Sebaceous hyperplasia

Author: Reviewed and updated by Dr Amanda Oakley Dermatologist, Hamilton, New Zealand; Vanessa Ngan, Staff Writer; and Clare Morrison Copy Editor, June 2014.

What is sebaceous hyperplasia?

Sebaceous hyperplasia is the term used for enlarged sebaceous glands seen on the forehead or cheeks of the middle-aged and elderly. Sebaceous hyperplasia appears as small yellow bumps up to 3 mm in diameter. Close inspection reveals a central hair follicle surrounded by yellowish lobules. There are often prominent blood vessels, best seen using dermoscopy.

Sebaceous hyperplasia is a form of benign hair follicle tumour. The lesions are sometimes confused with basal cell carcinoma.

Sebaceous hyperplasia may be more prevalent in immunosuppressed patients: for example, in a patient following organ transplantation. It is also frequently prominent in the rare Torre-Muir syndrome.

More images of sebaceous hyperplasia ...

What is the treatment for sebaceous hyperplasia?

Sebaceous hyperplasia is harmless and does not require any treatment.
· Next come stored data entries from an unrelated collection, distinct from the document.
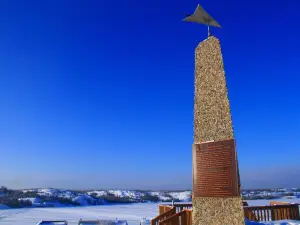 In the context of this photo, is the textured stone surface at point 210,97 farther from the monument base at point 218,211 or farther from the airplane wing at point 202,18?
the monument base at point 218,211

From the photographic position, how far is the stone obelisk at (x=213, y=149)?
760 centimetres

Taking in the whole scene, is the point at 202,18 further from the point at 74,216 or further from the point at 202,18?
the point at 74,216

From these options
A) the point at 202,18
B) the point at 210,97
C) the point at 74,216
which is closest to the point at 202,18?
the point at 202,18

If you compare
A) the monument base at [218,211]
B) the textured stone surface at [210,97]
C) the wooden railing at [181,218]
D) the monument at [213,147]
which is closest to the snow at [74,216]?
the wooden railing at [181,218]

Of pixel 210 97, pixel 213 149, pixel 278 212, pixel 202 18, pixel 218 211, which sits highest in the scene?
pixel 202 18

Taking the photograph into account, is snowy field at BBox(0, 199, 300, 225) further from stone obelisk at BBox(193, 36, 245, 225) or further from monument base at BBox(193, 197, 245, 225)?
stone obelisk at BBox(193, 36, 245, 225)

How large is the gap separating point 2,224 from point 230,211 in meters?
16.3

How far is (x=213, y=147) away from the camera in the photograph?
8.06 metres

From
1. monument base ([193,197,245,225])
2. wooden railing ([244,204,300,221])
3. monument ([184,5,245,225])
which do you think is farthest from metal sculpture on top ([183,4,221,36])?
wooden railing ([244,204,300,221])

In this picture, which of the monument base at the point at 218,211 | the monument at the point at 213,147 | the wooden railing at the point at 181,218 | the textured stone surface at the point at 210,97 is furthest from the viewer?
the wooden railing at the point at 181,218

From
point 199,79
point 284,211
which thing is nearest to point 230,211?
point 199,79

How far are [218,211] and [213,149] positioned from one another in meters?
1.45

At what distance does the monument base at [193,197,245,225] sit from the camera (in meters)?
7.49

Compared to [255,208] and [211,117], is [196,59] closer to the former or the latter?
[211,117] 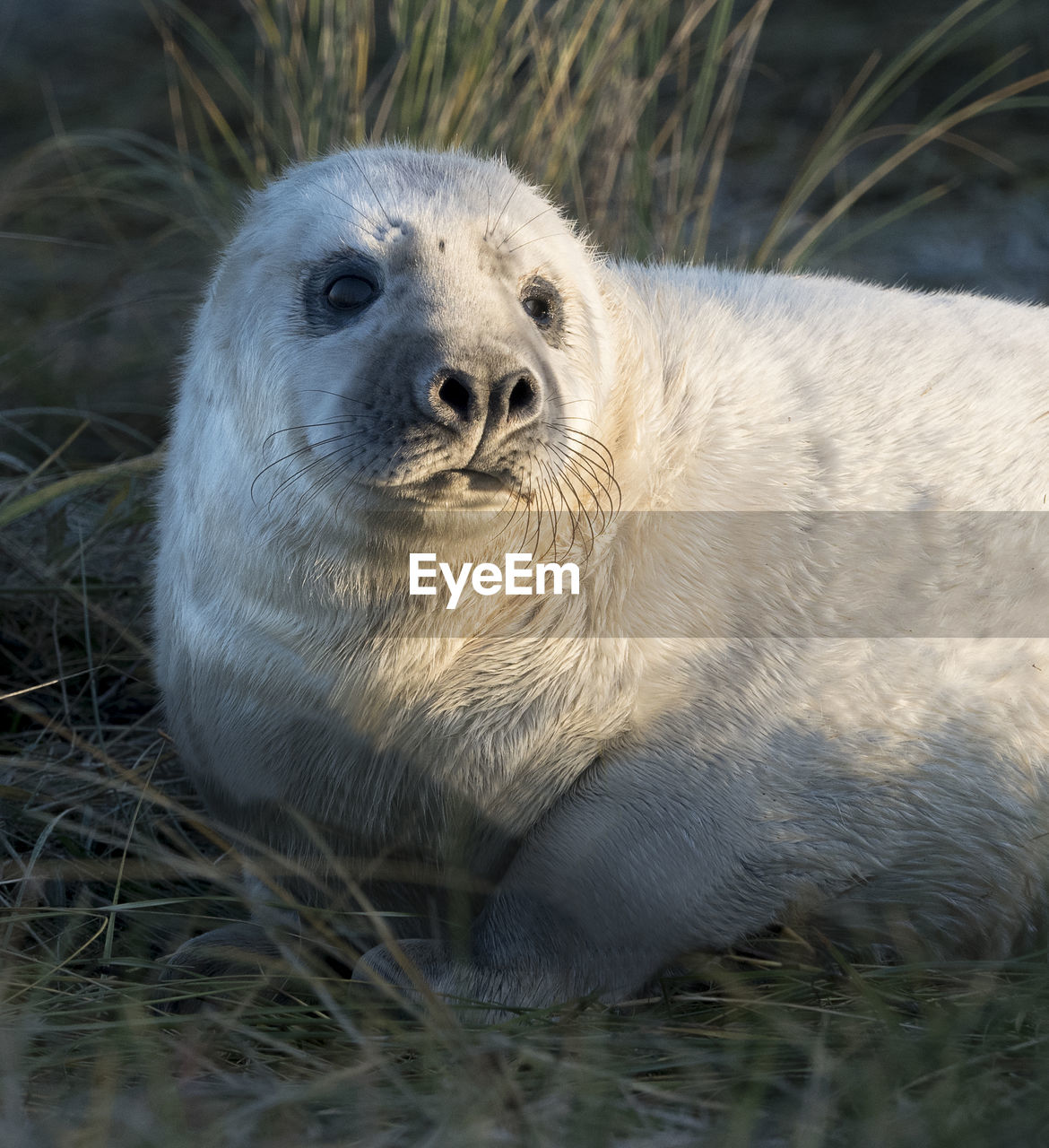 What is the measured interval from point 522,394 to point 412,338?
0.17m

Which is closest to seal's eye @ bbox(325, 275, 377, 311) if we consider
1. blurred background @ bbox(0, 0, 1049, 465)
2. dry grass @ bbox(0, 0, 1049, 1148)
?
dry grass @ bbox(0, 0, 1049, 1148)

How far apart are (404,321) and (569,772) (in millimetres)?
738

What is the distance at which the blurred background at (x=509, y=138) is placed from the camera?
3.71m

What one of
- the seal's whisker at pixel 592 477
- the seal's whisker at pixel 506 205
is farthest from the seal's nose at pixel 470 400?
the seal's whisker at pixel 506 205

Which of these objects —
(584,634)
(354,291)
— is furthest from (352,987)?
(354,291)

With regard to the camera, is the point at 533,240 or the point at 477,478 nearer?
the point at 477,478

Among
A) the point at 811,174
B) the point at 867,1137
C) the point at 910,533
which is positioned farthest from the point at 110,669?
the point at 811,174

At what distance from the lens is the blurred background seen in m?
3.71

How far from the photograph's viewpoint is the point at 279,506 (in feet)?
6.73

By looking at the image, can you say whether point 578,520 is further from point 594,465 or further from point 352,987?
point 352,987

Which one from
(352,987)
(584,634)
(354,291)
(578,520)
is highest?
(354,291)

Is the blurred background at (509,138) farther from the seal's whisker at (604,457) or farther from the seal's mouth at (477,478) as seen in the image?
the seal's mouth at (477,478)

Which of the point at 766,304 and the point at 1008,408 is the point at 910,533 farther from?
the point at 766,304

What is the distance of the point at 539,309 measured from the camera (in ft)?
7.03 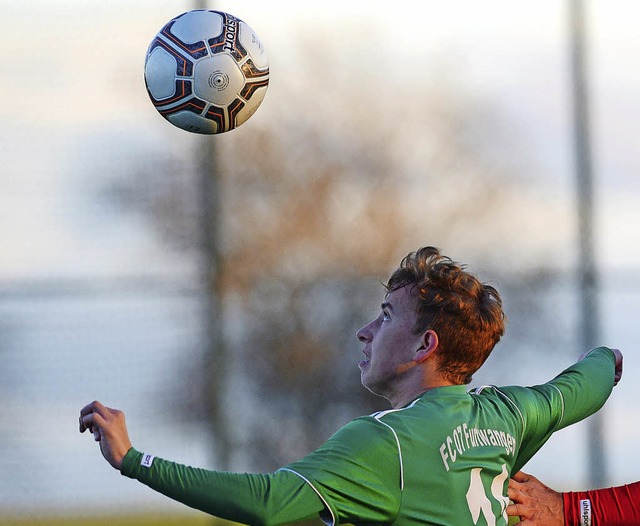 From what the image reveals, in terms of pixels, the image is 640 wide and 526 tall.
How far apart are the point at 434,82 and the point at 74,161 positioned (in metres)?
2.02

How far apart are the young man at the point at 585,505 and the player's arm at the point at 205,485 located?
924mm

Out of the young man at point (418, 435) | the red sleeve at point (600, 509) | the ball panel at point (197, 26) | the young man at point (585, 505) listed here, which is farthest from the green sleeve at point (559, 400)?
the ball panel at point (197, 26)

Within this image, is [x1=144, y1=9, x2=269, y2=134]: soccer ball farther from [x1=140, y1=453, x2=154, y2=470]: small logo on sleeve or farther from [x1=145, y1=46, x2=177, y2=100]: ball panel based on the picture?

However, for cosmetic reasons or if they are bothersome if irritated, individual lesions may be removed by light electrocautery or laser vaporisation.

When the lesions are severe, extensive or disfiguring, oral isotretinoin is effective in clearing lesions but these may recur when treatment is stopped. In females, antiandrogens may help improve the appearance.